Task directions >> From the first line of the listing below through the line with "Interventional Radiology in Trauma", transcribe exactly and skip the pictures.

Data in this exercise >>
**********
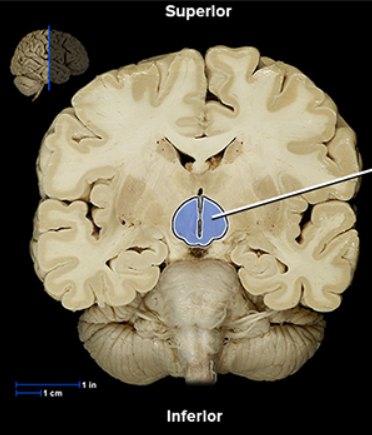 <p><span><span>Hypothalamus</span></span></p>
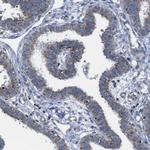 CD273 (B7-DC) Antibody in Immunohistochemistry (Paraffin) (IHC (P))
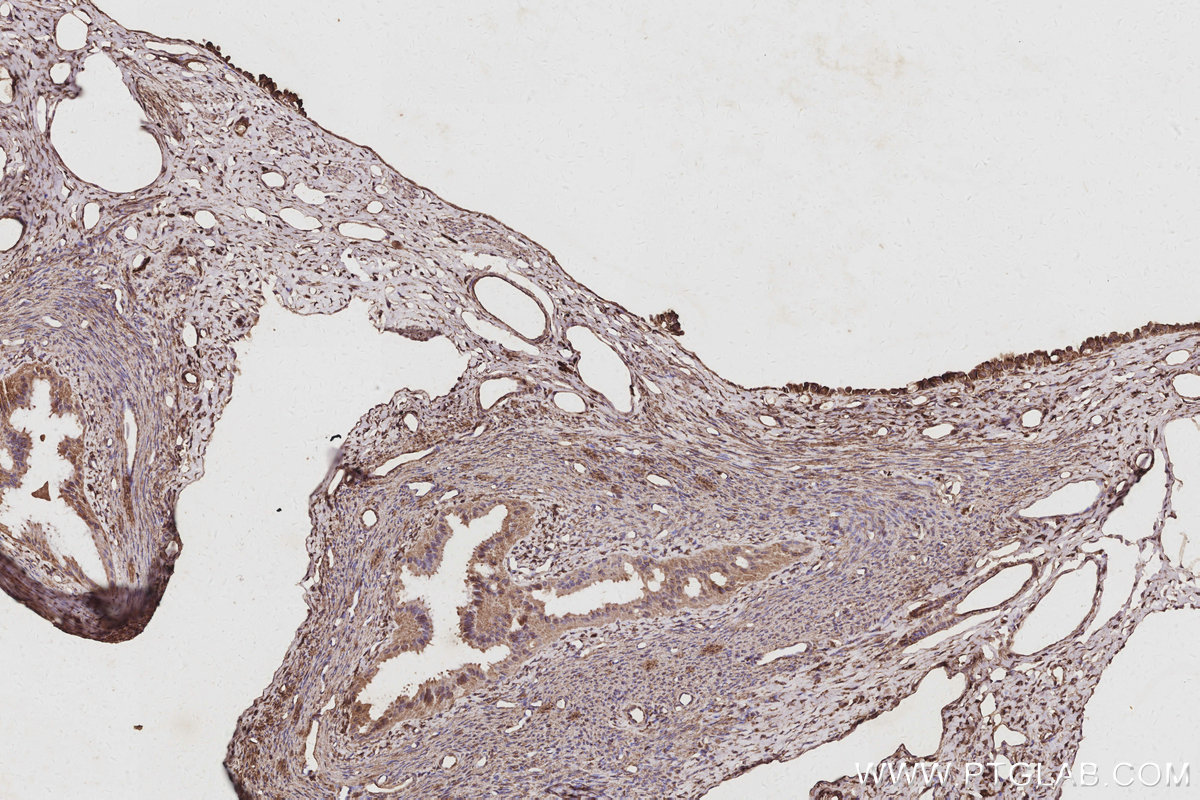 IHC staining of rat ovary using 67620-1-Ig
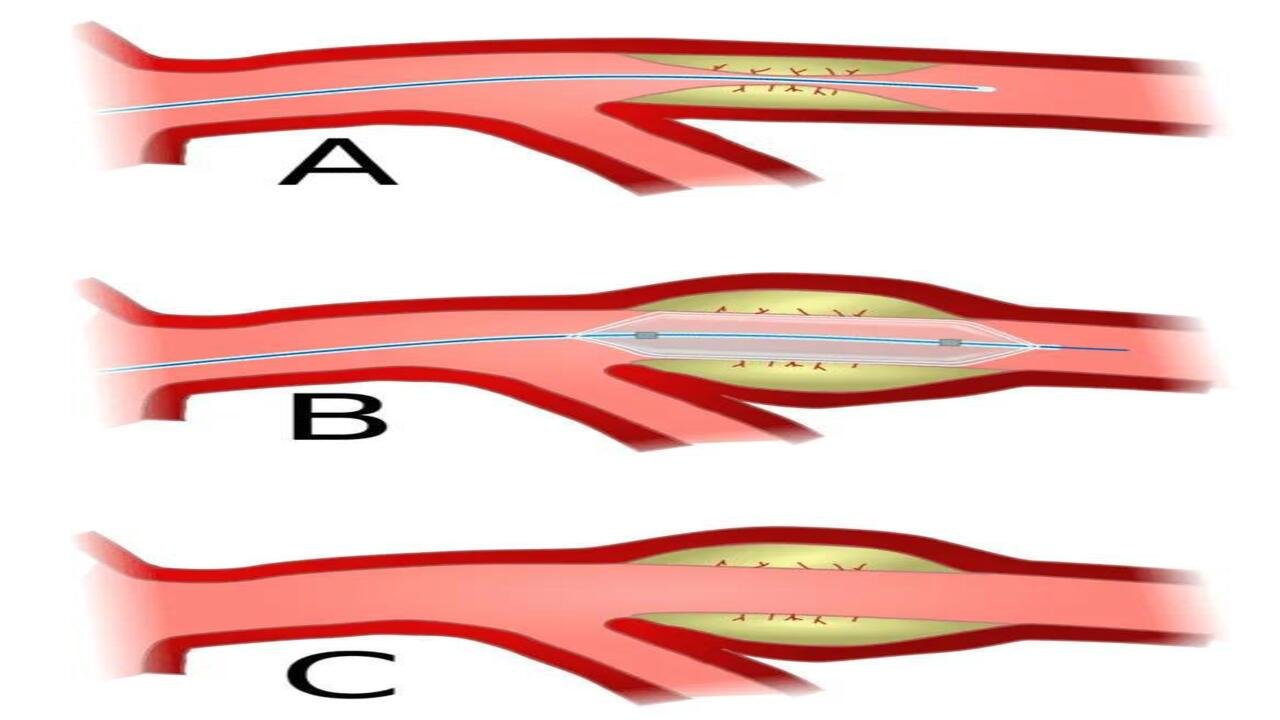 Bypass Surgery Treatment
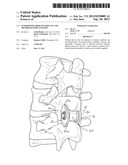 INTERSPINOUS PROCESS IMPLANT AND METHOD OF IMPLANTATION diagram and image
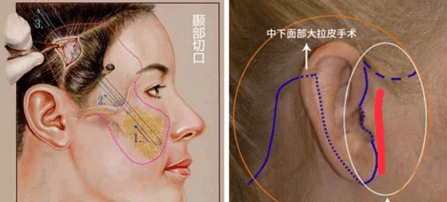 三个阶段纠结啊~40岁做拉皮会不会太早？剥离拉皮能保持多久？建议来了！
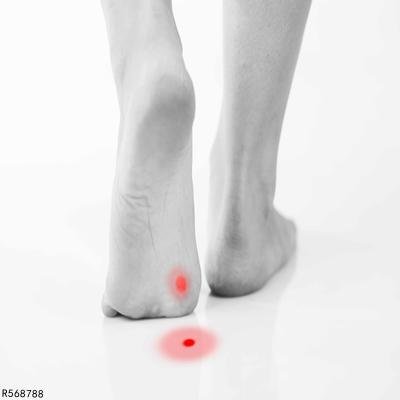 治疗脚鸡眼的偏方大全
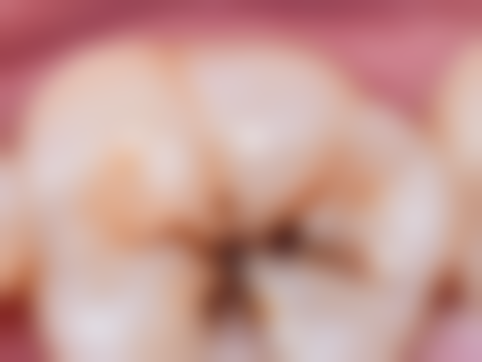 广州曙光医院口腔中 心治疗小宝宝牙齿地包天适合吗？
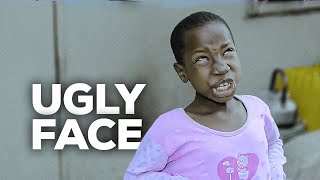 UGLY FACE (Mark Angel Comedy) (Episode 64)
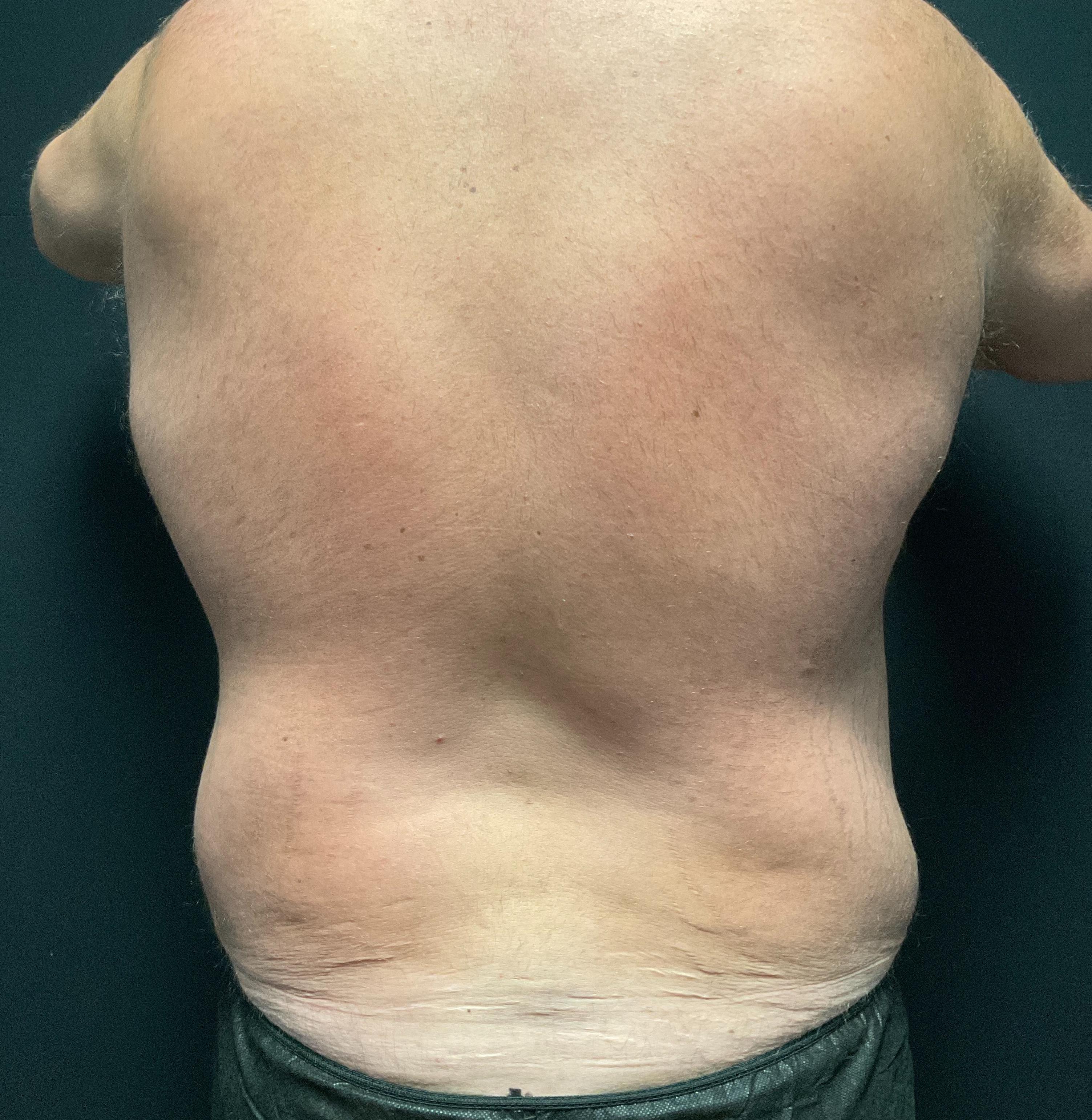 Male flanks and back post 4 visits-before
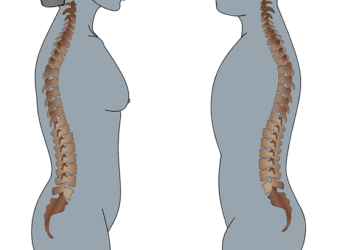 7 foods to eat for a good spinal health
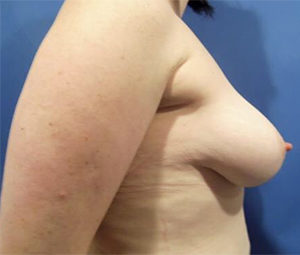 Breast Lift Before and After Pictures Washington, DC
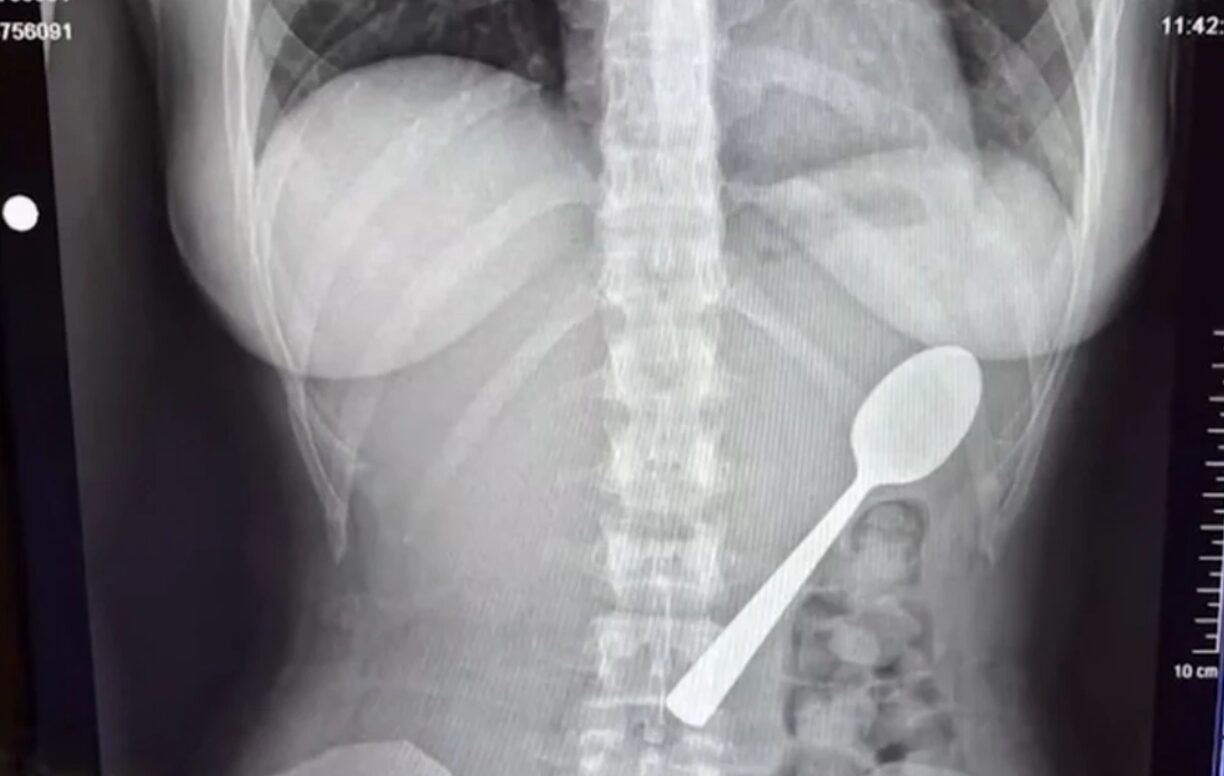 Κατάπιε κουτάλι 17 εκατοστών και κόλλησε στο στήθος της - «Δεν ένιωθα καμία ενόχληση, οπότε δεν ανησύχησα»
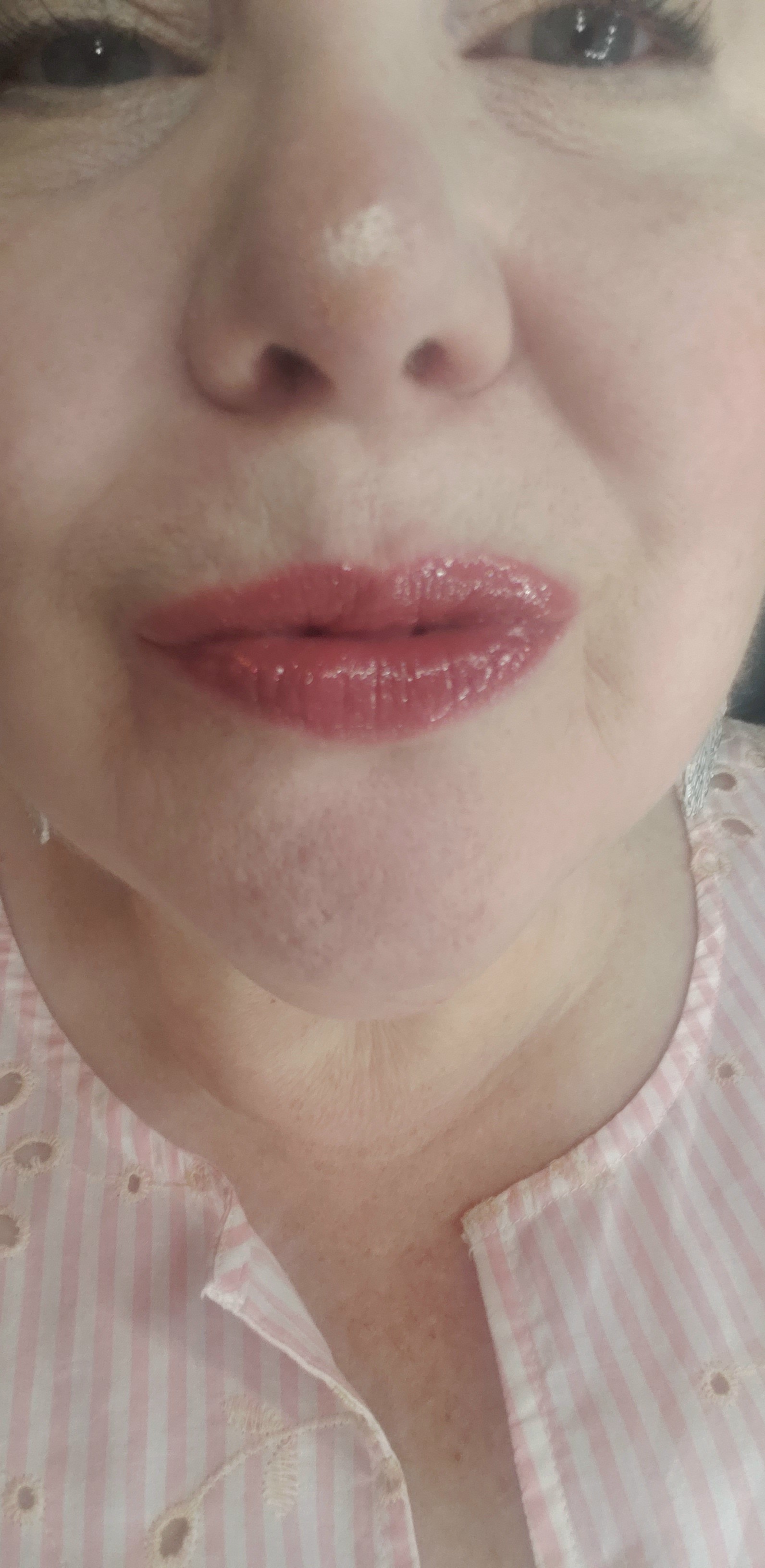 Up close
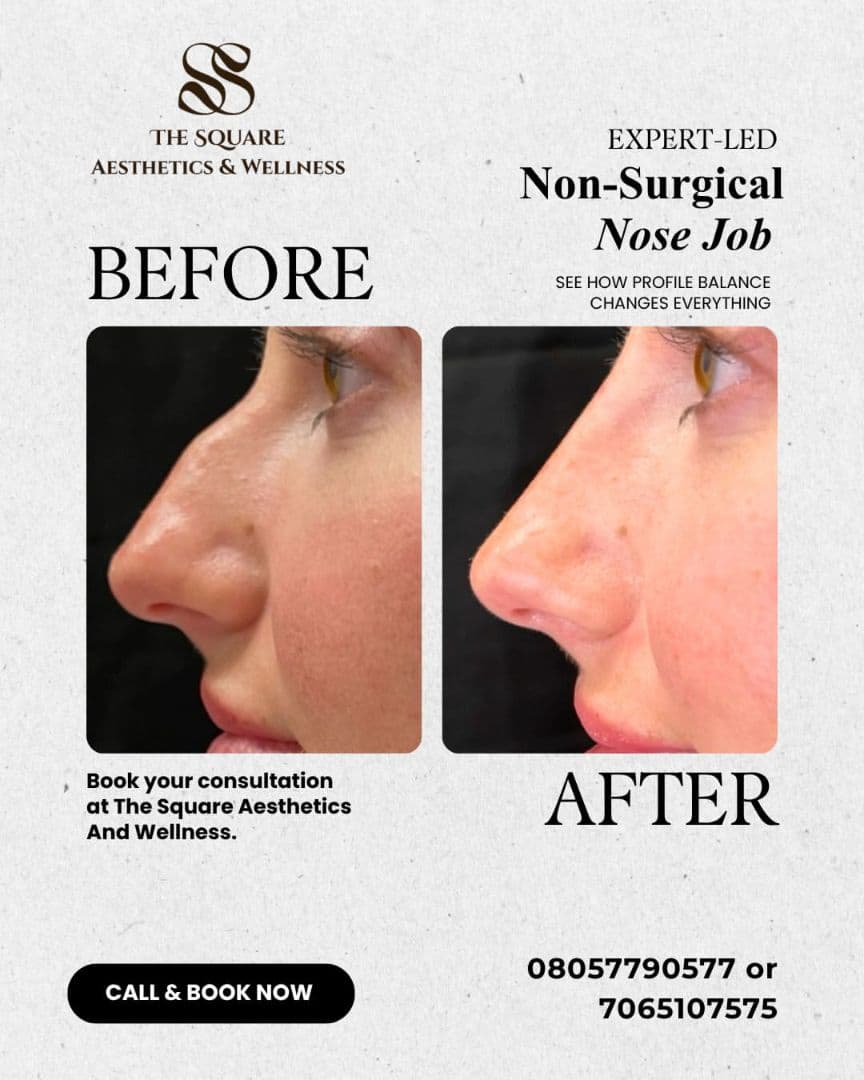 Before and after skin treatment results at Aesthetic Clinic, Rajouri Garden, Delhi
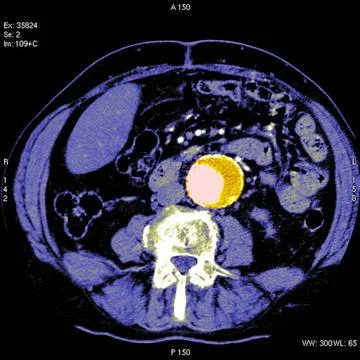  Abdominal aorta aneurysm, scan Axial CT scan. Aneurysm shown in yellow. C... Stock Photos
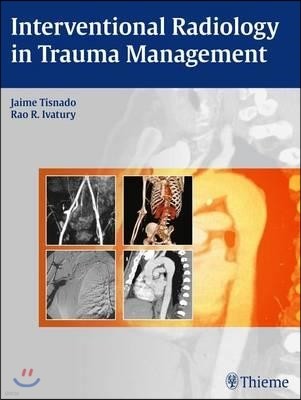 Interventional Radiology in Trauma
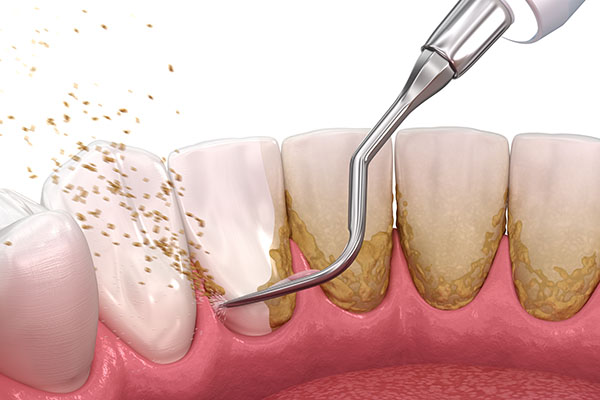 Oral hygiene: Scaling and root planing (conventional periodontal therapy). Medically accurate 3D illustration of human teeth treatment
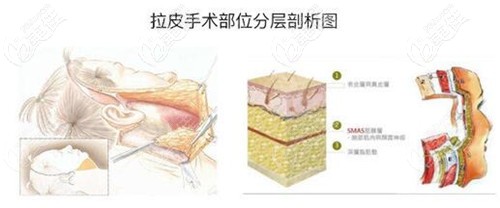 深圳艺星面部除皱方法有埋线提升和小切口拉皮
**********
Answer below >>
 <p><span><span>Hypothalamus</span></span></p>
 CD273 (B7-DC) Antibody in Immunohistochemistry (Paraffin) (IHC (P))
 IHC staining of rat ovary using 67620-1-Ig
 Bypass Surgery Treatment
 INTERSPINOUS PROCESS IMPLANT AND METHOD OF IMPLANTATION diagram and image
 三个阶段纠结啊~40岁做拉皮会不会太早？剥离拉皮能保持多久？建议来了！
 治疗脚鸡眼的偏方大全
 广州曙光医院口腔中 心治疗小宝宝牙齿地包天适合吗？
 UGLY FACE (Mark Angel Comedy) (Episode 64)
 Male flanks and back post 4 visits-before
 7 foods to eat for a good spinal health
 Breast Lift Before and After Pictures Washington, DC
 Κατάπιε κουτάλι 17 εκατοστών και κόλλησε στο στήθος της - «Δεν ένιωθα καμία ενόχληση, οπότε δεν ανησύχησα»
 Up close
 Before and after skin treatment results at Aesthetic Clinic, Rajouri Garden, Delhi
  Abdominal aorta aneurysm, scan Axial CT scan. Aneurysm shown in yellow. C... Stock Photos
 Interventional Radiology in Trauma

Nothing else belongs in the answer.